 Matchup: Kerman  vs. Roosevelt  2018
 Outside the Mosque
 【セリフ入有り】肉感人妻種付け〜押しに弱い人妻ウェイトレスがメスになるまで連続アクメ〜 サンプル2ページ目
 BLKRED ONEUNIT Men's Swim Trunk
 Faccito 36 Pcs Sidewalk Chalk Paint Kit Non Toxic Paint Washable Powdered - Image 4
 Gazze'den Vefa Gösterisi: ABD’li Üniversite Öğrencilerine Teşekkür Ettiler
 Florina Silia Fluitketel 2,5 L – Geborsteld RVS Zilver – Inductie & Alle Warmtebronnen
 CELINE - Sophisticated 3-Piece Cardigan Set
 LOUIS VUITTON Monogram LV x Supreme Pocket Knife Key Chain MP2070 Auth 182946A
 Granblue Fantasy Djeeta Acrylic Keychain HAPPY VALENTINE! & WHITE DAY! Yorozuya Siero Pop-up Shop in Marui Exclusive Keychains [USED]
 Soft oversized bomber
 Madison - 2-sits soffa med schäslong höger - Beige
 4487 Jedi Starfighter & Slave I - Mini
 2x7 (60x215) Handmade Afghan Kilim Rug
════════════════
ASSIGNMENT: Repeat the records exactly, including every line.

ANSWER SECTION:
 Matchup: Kerman  vs. Roosevelt  2018
 Outside the Mosque
 【セリフ入有り】肉感人妻種付け〜押しに弱い人妻ウェイトレスがメスになるまで連続アクメ〜 サンプル2ページ目
 BLKRED ONEUNIT Men's Swim Trunk
 Faccito 36 Pcs Sidewalk Chalk Paint Kit Non Toxic Paint Washable Powdered - Image 4
 Gazze'den Vefa Gösterisi: ABD’li Üniversite Öğrencilerine Teşekkür Ettiler
 Florina Silia Fluitketel 2,5 L – Geborsteld RVS Zilver – Inductie & Alle Warmtebronnen
 CELINE - Sophisticated 3-Piece Cardigan Set
 LOUIS VUITTON Monogram LV x Supreme Pocket Knife Key Chain MP2070 Auth 182946A
 Granblue Fantasy Djeeta Acrylic Keychain HAPPY VALENTINE! & WHITE DAY! Yorozuya Siero Pop-up Shop in Marui Exclusive Keychains [USED]
 Soft oversized bomber
 Madison - 2-sits soffa med schäslong höger - Beige
 4487 Jedi Starfighter & Slave I - Mini
 2x7 (60x215) Handmade Afghan Kilim Rug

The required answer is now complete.